The transoral technique may risk possible infection within the anterior neck. A normally aseptic thyroidectomy may become contaminated due to oral microflora spread during the transoral techniques. Therefore, animal experiments were performed in advance of the clinical study. None of the treated pigs developed any severe infections, and there were no seromas in the surgical field after drain insertion [9]. In this study, prophylactic antibiotics were administered preoperatively by intravascular injection, and oral antibiotics were administered for 7 days postoperatively [9]. At surgical conclusion, a drain was inserted into the surgical field through the axillary port.

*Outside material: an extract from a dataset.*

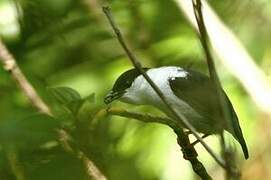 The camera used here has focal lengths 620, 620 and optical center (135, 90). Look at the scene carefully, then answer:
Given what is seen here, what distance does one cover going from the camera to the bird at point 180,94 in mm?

The drains were later removed when the patients were discharged. No patients developed infections in the anterior neck or the oral wounds. These results suggest that, by administering prophylactic antibiotics and inserting a drain, infection after transoral endoscopic surgery can be prevented. However, because of the small sample size, strong conclusions cannot be drawn concerning the possibility of infection in the transoral thyroidectomy.

This study demonstrated the feasibility of robotic TOPOT to preserve the recurrent laryngeal nerve and allow a complete central neck dissection. However, drawbacks of the procedure include the risks of mental nerve injury and infection. This method is in the development stage; further studies are needed to evaluate its safety. Afterward, the next logical step is evaluation of the transoral thyroidectomy in a prospective, controlled clinical trial.

In conclusion, robotic TOPOT shows promise as an effective technique for thyroid surgery. Further study is needed to prove the safety of this method.